The definition of optimize is:

to make something as good as possible

It's hard to argue with that. It's no coincidence that a lot of us have something of an optimization mindset.

But sometimes trying to optimize can lead to worse outcomes (because we don't fully understand what to aim for). It's worth understanding how this happens. We can try to avoid it by a combination of thinking more what to aim for, and (sometimes) simply optimizing less hard.

Reflection on purpose vs optimizing for that purpose

What does the activity of making something as good as possible look like in practice? I think often there are two stages:

  1. Reflection on the purpose — thinking about what the point of the thing at hand is, and identifying what counts as "good" in context
  2. Optimizing for that purpose — identifying the option(s) which do best at the identified purpose

Both of these stages are important parts of optimization in the general sense. But I think it's optimization-for-a-given-purpose that feels like optimization. When I say "over-optimization" I mean doing too much optimization for a given purpose.
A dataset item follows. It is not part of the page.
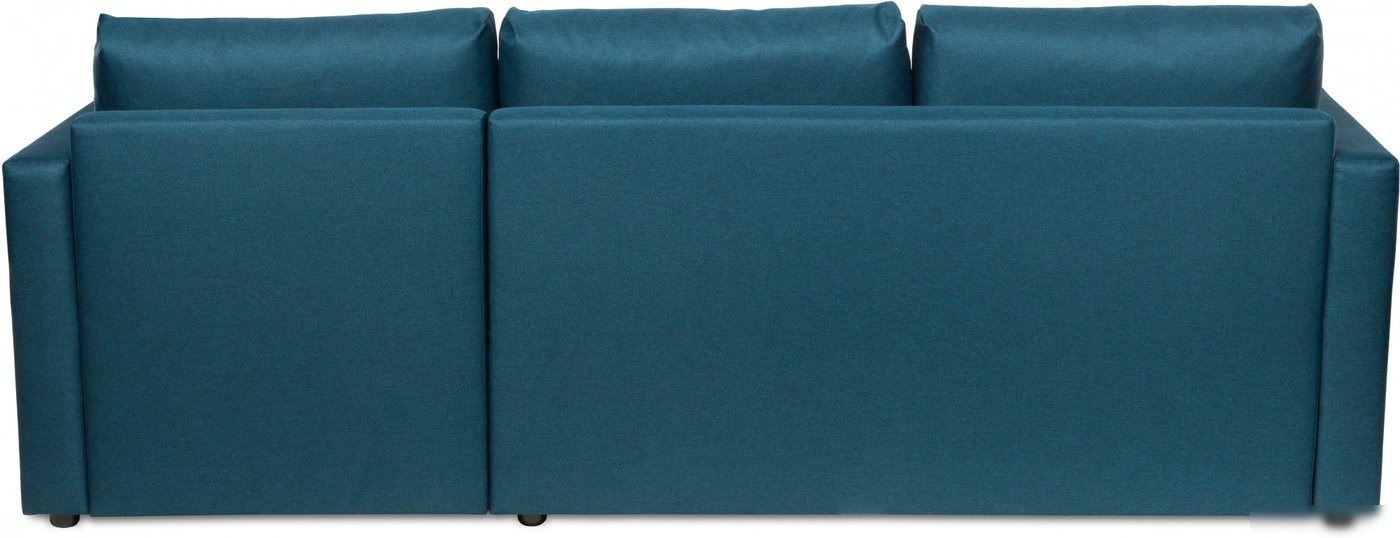Угловой диван Mio Tesoro Тилаус короткий подлокотник (Turquoise)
What goes wrong when you over-optimize

Consider this exaggerated example:

Alice is a busy executive. She needs to get from one important meeting to another in a nearby city; she's definitely going to be late to the second meeting. She asks her assistant Bob to sort things out. "What should I be optimizing for?", Bob asks. "Just get me there as fast as possible", Alice replies, imagining that Bob will work out whether a taxi or train is faster.

Bob is on this. Eager to prove himself an excellent assistant, he first looks into a taxi (about 90 minutes) and a train (about 60 minutes plus 10 minutes travel at each end — but there's a 20 minute wait for the right train). So the taxi looks better.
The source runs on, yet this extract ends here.